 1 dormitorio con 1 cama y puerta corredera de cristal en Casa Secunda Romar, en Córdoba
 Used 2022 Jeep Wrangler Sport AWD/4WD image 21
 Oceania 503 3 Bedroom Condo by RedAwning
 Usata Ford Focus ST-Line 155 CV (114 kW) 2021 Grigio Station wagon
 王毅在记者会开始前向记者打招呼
==
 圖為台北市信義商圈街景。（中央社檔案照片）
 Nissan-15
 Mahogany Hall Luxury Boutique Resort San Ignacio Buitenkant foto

Your goal
After locating the line holding "Used 2022 Jeep" above, output exactly that line and every line after it through the line holding "王毅在记者会开始前向记者打招呼". Include nothing else.

Worked solution
 Used 2022 Jeep Wrangler Sport AWD/4WD image 21
 Oceania 503 3 Bedroom Condo by RedAwning
 Usata Ford Focus ST-Line 155 CV (114 kW) 2021 Grigio Station wagon
 王毅在记者会开始前向记者打招呼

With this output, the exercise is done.